I wrote several triggers to keep modification times of several tables updated in this fashion:
CREATE TABLE foo (
foo_id INT IDENTITY(1, 1) NOT NULL,
-- [...]
created_on DATETIME DEFAULT CURRENT_TIMESTAMP NOT NULL,
updated_on DATETIME DEFAULT CURRENT_TIMESTAMP NOT NULL,
CONSTRAINT foo_pk PRIMARY KEY (foo_id)
);
CREATE TRIGGER foo_trg1 ON foo
FOR UPDATE
AS BEGIN
UPDATE foo
SET updated_on = CURRENT_TIMESTAMP
FROM INSERTED ins
WHERE foo.foo_id = ins.foo_id;
END;
For whatever reason I don't have time to debug right now, my PHP client code was triggering a SQL error when issuing a series of queries, although it only happened in one specific table:
A trigger returned a resultset and/or was running with SET NOCOUNT OFF while another outstanding result set was active.

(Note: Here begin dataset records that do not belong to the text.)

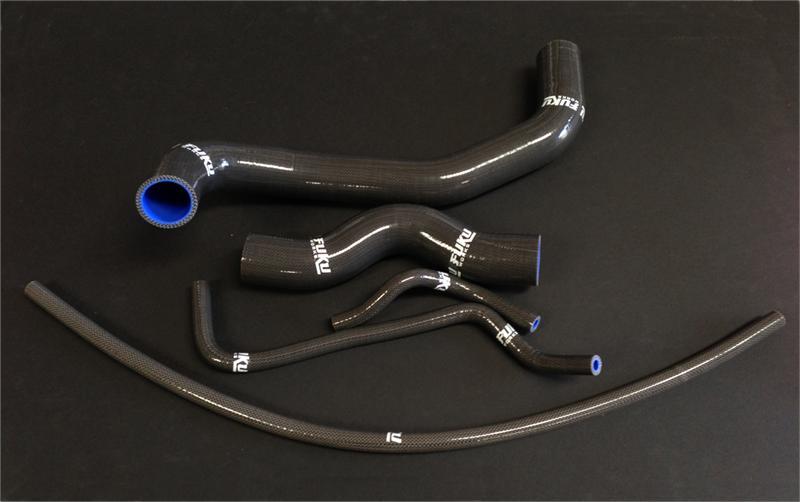 Nissan 350Z Radiator Hose Kit Black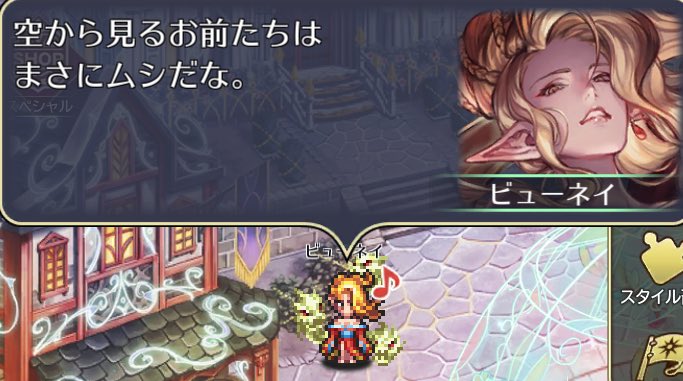 四魔貴族 イラスト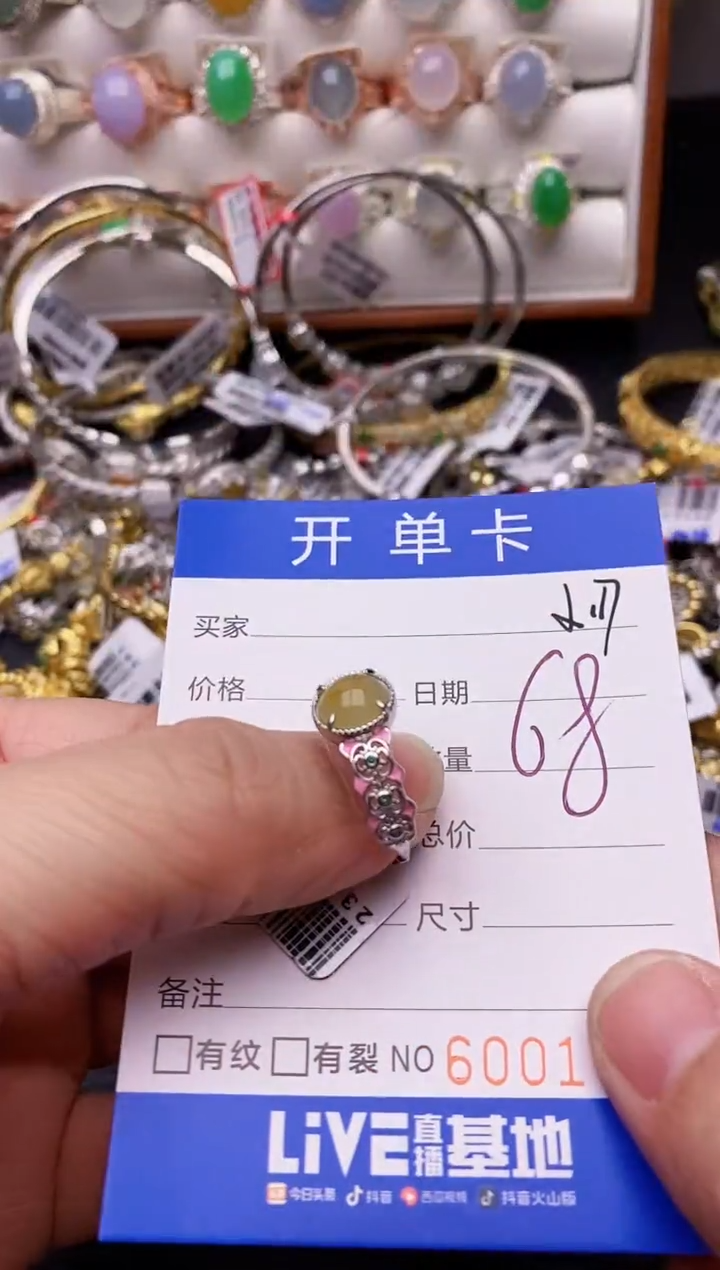 【闪购商品】翡翠戒指银S925镶嵌/1012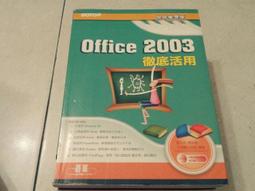 快快樂樂學FRONTPAGE 2002使用技巧 (附光碟)ISBN 9572236598八成新無劃記 原價480 陳惠貞 松崗 2003 歷史價格詳細信息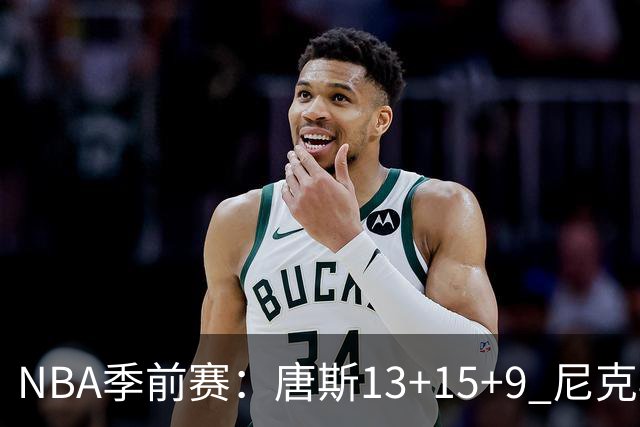 NBA季前赛：唐斯13+15+9 尼克斯险胜猛龙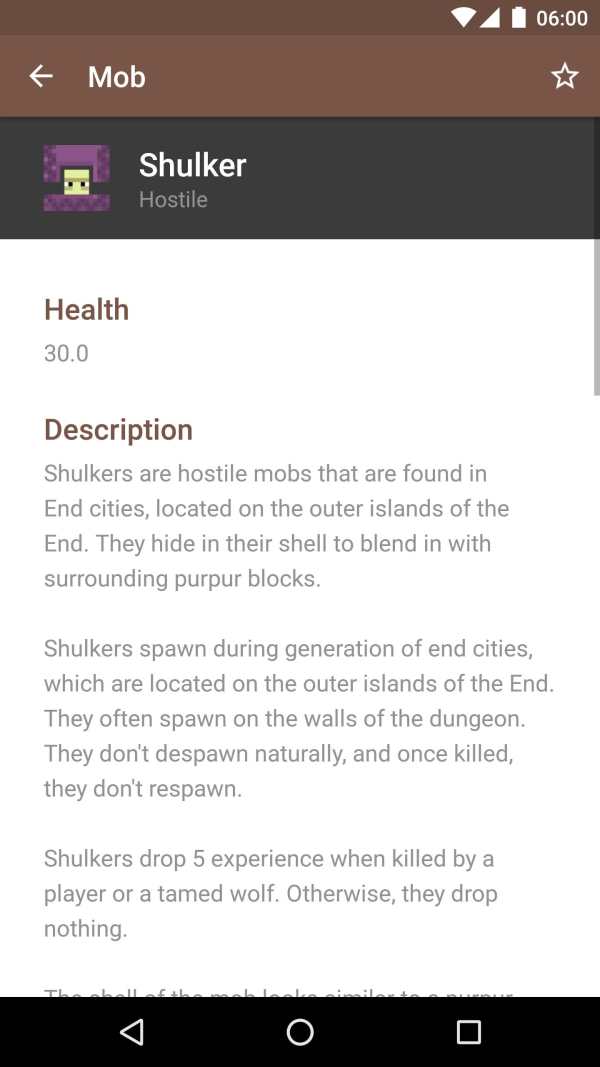 Craft - Minecraft Craft Guide screenshot 6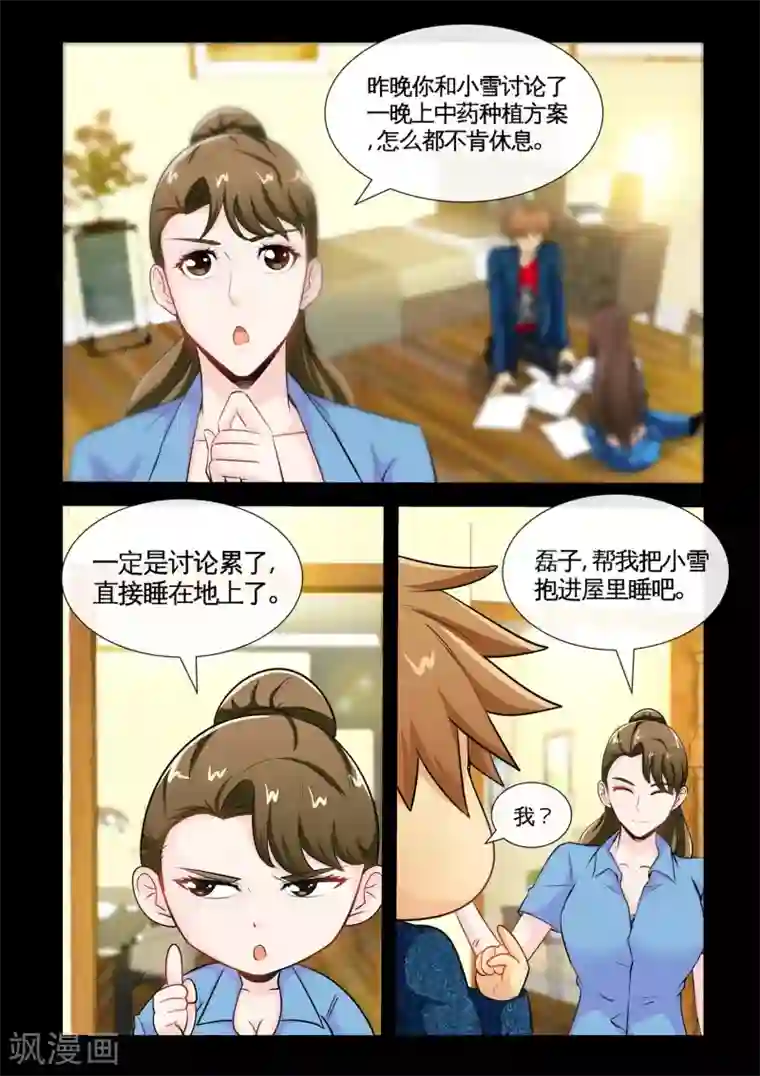 极品小神医第16话1 一唱一和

I looked up what SET NOCOUNT means and guessed the error would go enabling it in my trigger, as it actually happened:
CREATE TRIGGER foo_trg1 ON foo
FOR UPDATE
AS BEGIN
SET NOCOUNT ON; -- Problem solved!
UPDATE foo
SET updated_on = CURRENT_TIMESTAMP
FROM INSERTED ins
WHERE foo.foo_id = ins.foo_id;
END;
My questions are:
- Is it safe to just add it to all my updated_on triggers?
- Am I right to assume the performance gain will be negligible in this case?